BEGIN Provided entries
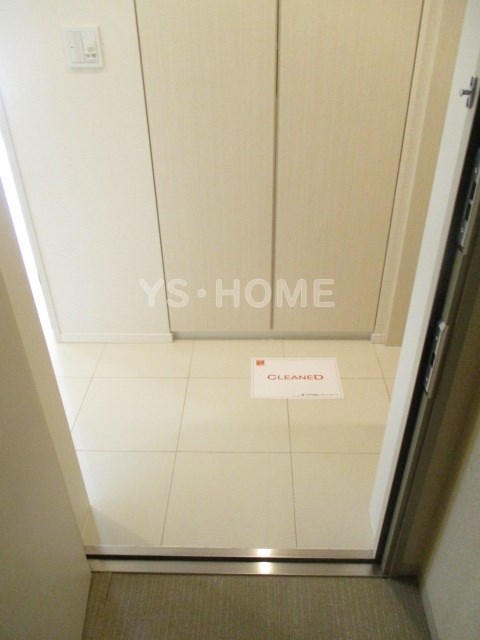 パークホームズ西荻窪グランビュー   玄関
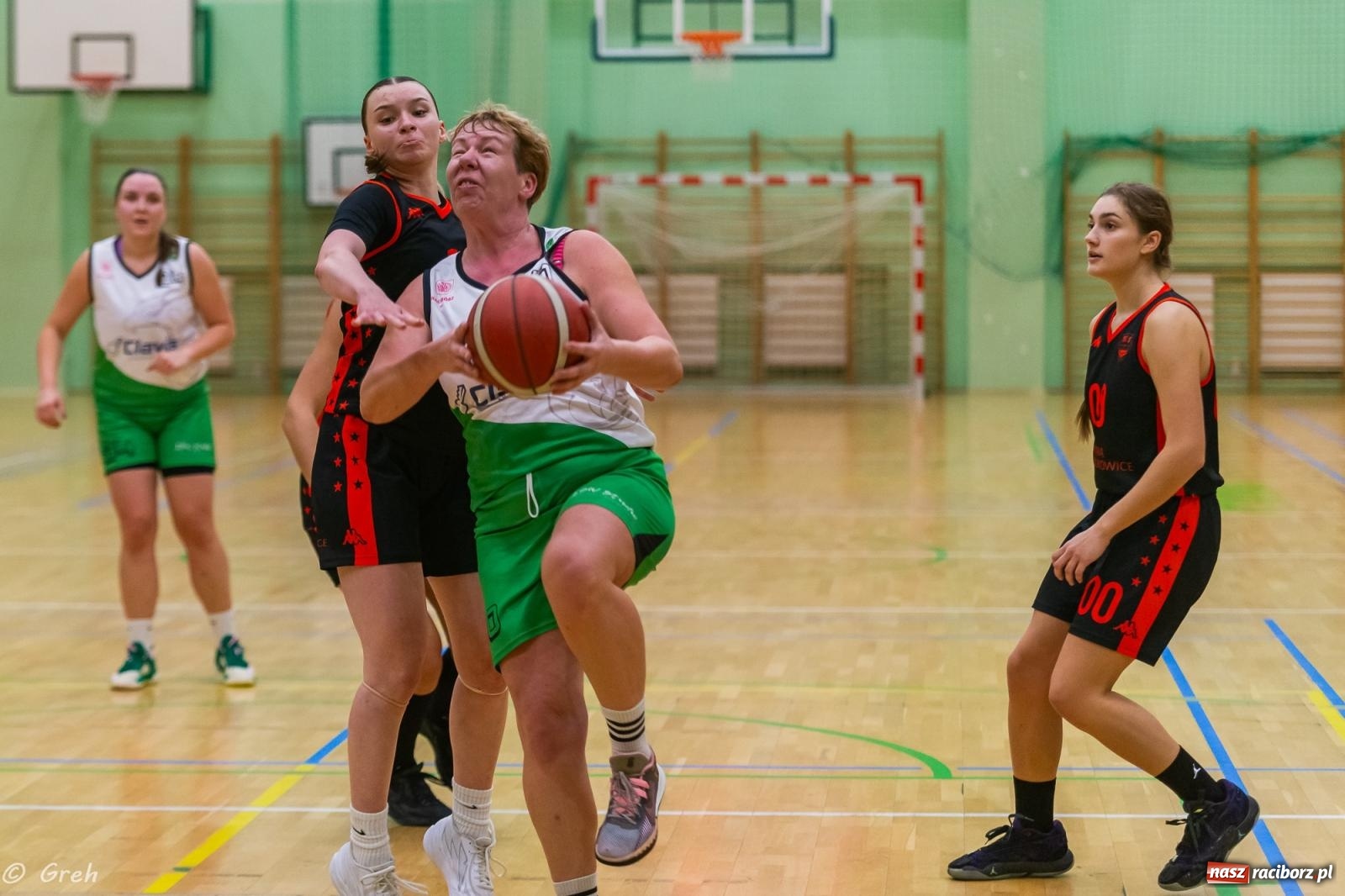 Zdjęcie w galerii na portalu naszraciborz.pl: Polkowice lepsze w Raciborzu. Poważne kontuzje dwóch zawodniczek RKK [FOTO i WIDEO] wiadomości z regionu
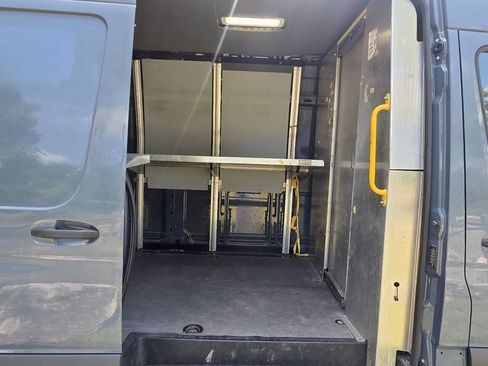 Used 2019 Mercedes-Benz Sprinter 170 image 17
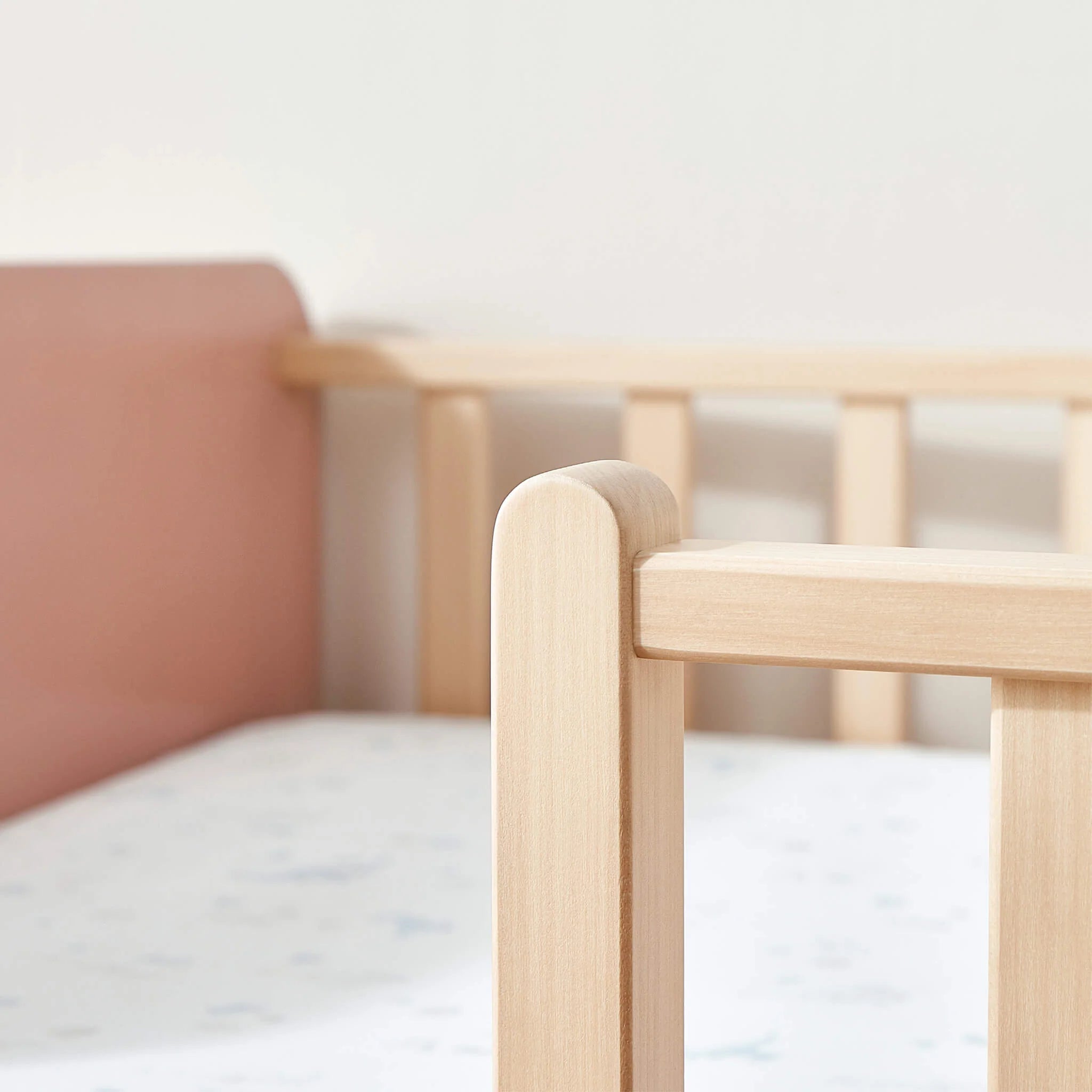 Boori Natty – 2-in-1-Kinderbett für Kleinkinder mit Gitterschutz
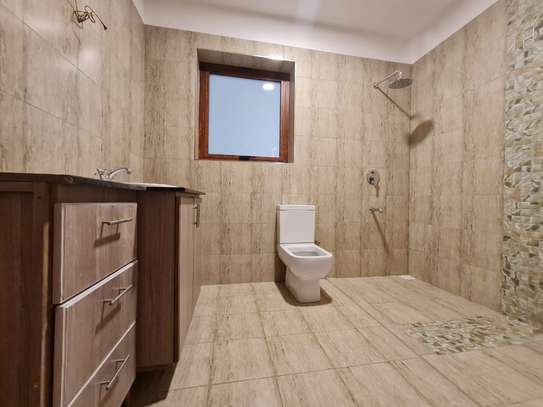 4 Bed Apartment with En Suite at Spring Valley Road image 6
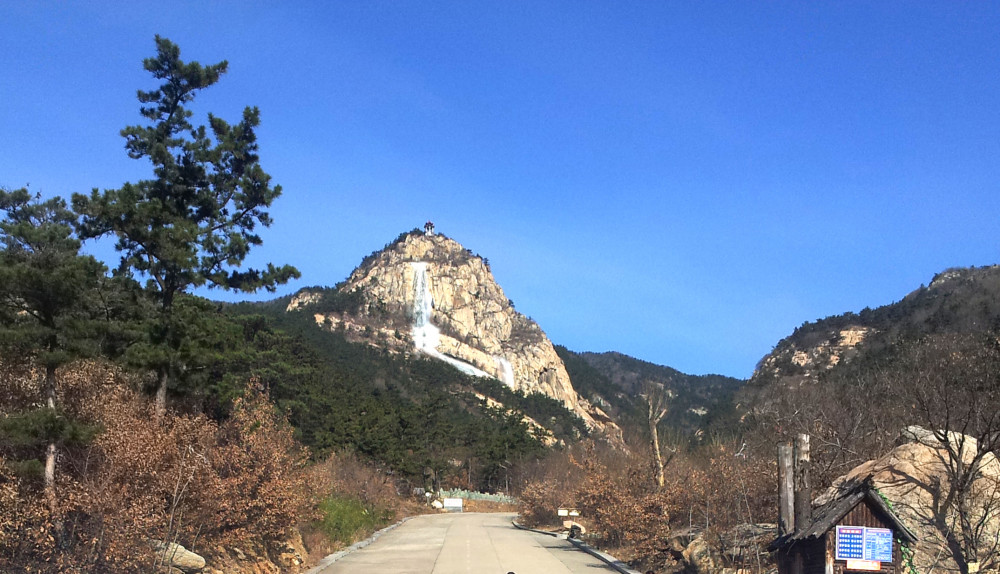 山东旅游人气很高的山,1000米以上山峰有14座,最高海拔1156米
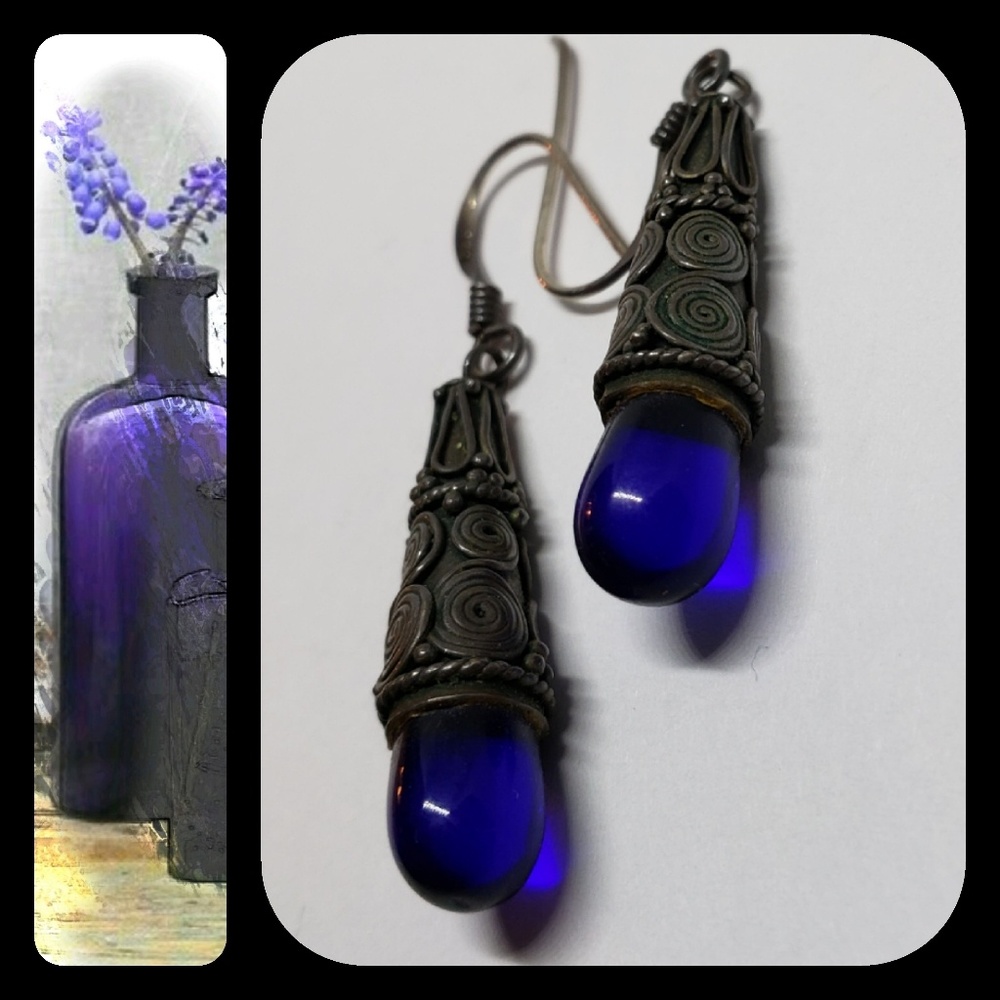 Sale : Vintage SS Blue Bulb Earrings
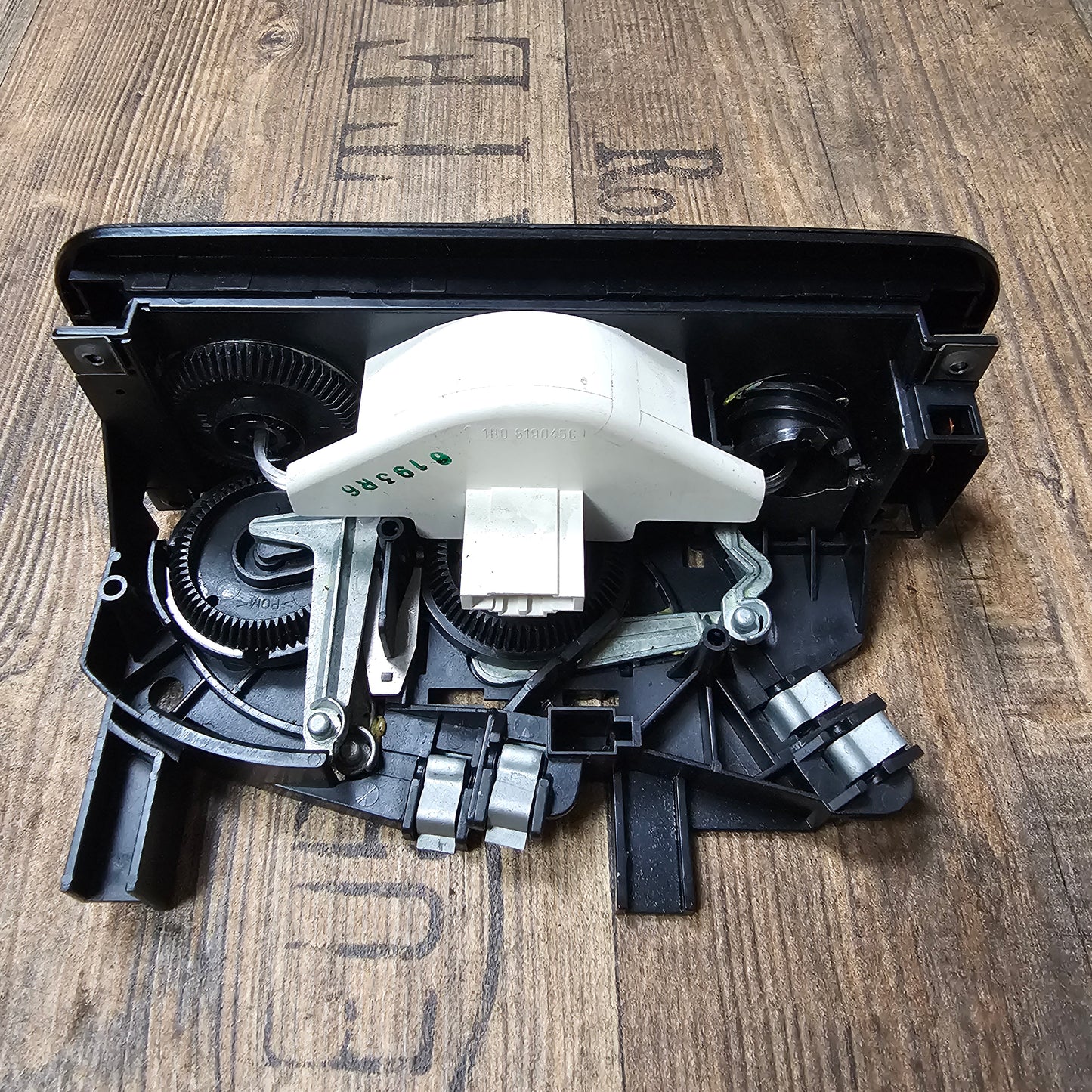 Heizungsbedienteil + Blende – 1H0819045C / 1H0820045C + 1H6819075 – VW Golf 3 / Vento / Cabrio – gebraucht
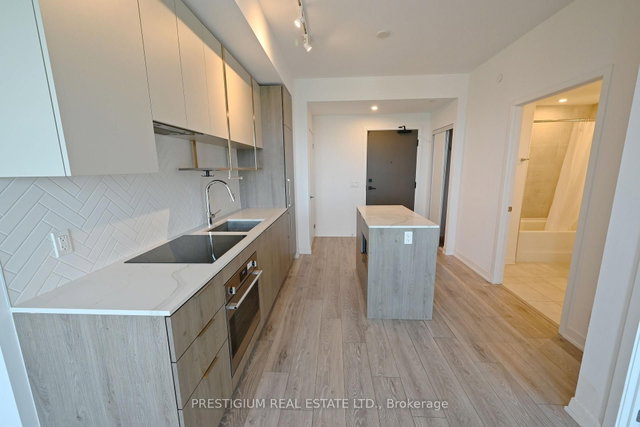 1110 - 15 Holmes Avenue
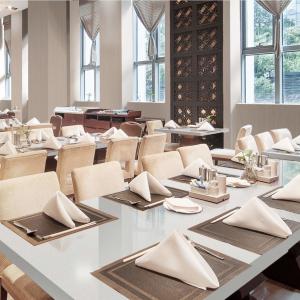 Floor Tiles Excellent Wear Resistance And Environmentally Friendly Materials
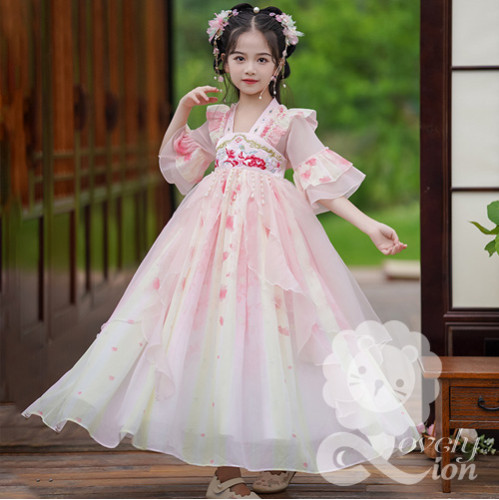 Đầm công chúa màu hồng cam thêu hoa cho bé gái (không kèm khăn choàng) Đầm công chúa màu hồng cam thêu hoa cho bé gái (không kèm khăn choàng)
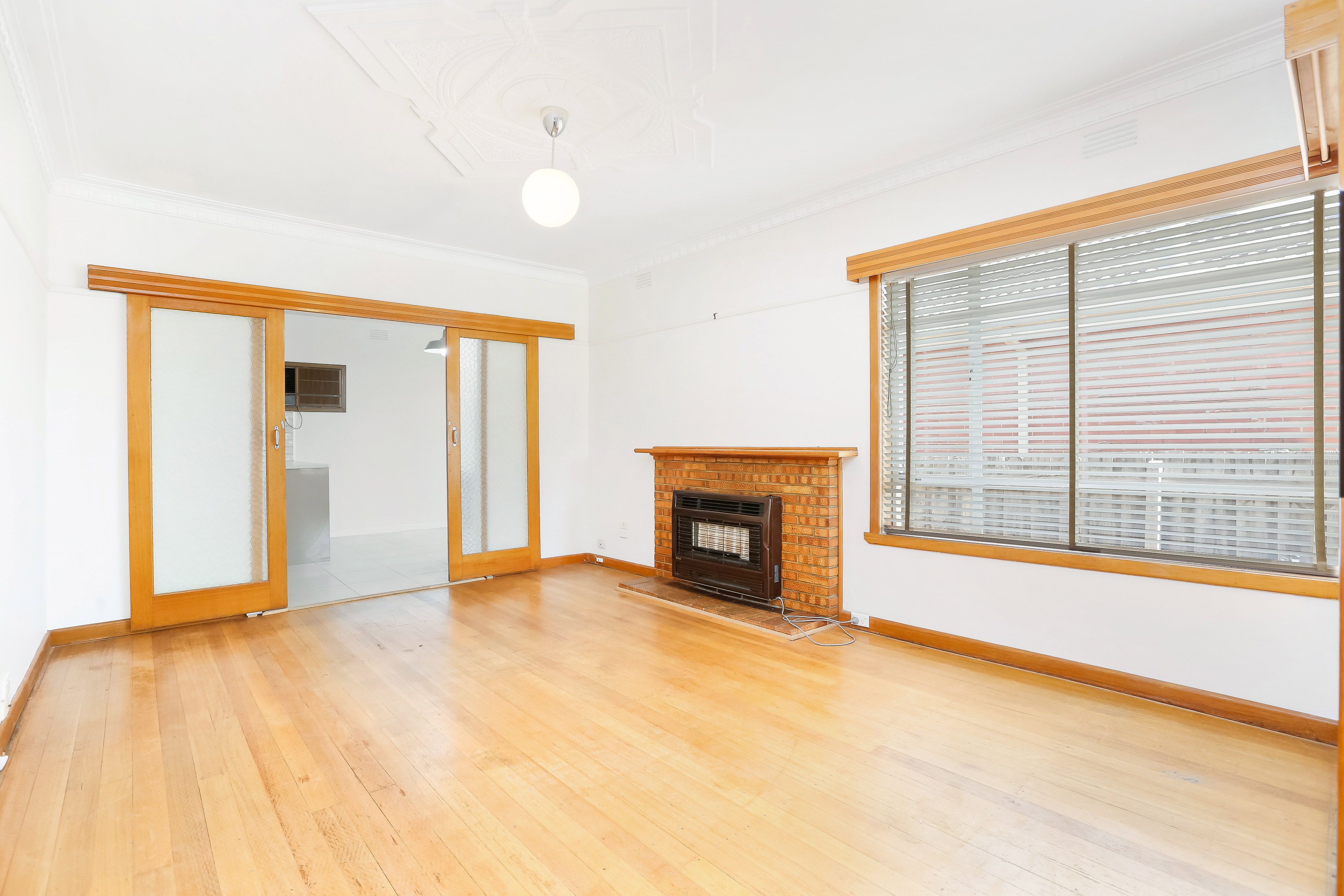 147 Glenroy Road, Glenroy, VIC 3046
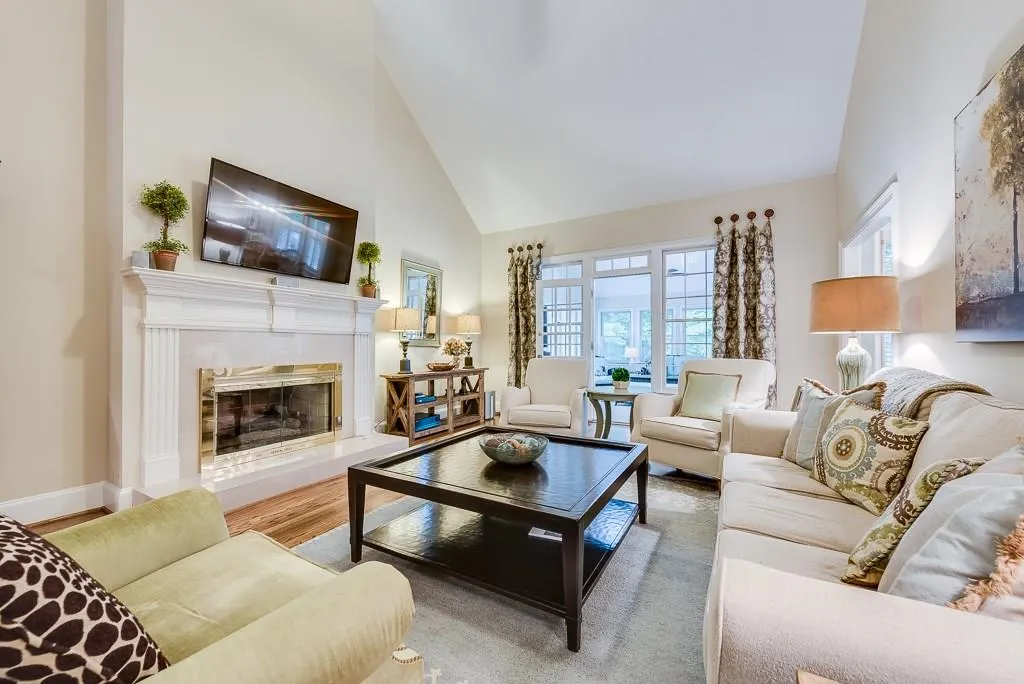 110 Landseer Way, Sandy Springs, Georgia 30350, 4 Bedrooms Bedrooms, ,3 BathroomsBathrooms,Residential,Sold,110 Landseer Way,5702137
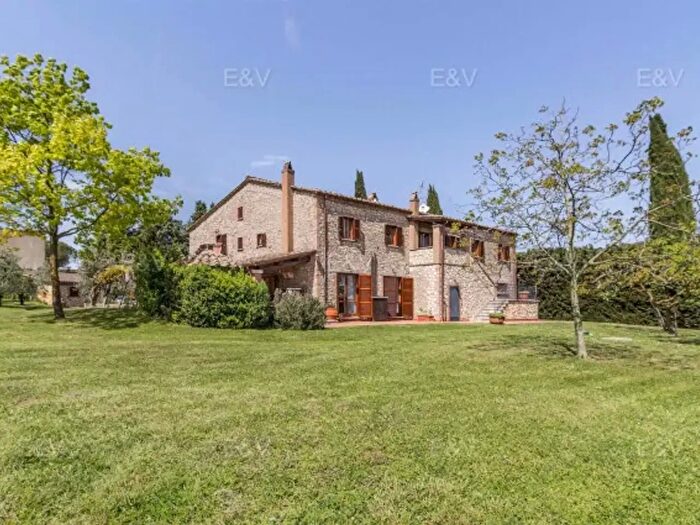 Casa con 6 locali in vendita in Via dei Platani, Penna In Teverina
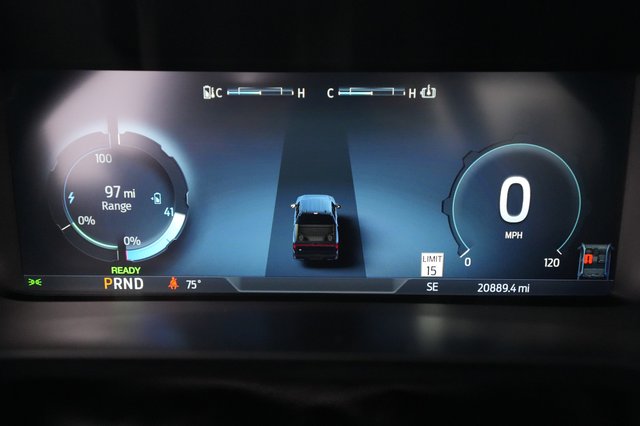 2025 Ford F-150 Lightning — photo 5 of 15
END Provided entries
Repeat the exact lines from the first line of the data through the line containing "147 Glenroy Road, Glenroy, VIC 3046". Nothing else, no pictures.

 パークホームズ西荻窪グランビュー   玄関
 Zdjęcie w galerii na portalu naszraciborz.pl: Polkowice lepsze w Raciborzu. Poważne kontuzje dwóch zawodniczek RKK [FOTO i WIDEO] wiadomości z regionu
 Used 2019 Mercedes-Benz Sprinter 170 image 17
 Boori Natty – 2-in-1-Kinderbett für Kleinkinder mit Gitterschutz
 4 Bed Apartment with En Suite at Spring Valley Road image 6
 山东旅游人气很高的山,1000米以上山峰有14座,最高海拔1156米
 Sale : Vintage SS Blue Bulb Earrings
 Heizungsbedienteil + Blende – 1H0819045C / 1H0820045C + 1H6819075 – VW Golf 3 / Vento / Cabrio – gebraucht
 1110 - 15 Holmes Avenue
 Floor Tiles Excellent Wear Resistance And Environmentally Friendly Materials
 Đầm công chúa màu hồng cam thêu hoa cho bé gái (không kèm khăn choàng) Đầm công chúa màu hồng cam thêu hoa cho bé gái (không kèm khăn choàng)
 147 Glenroy Road, Glenroy, VIC 3046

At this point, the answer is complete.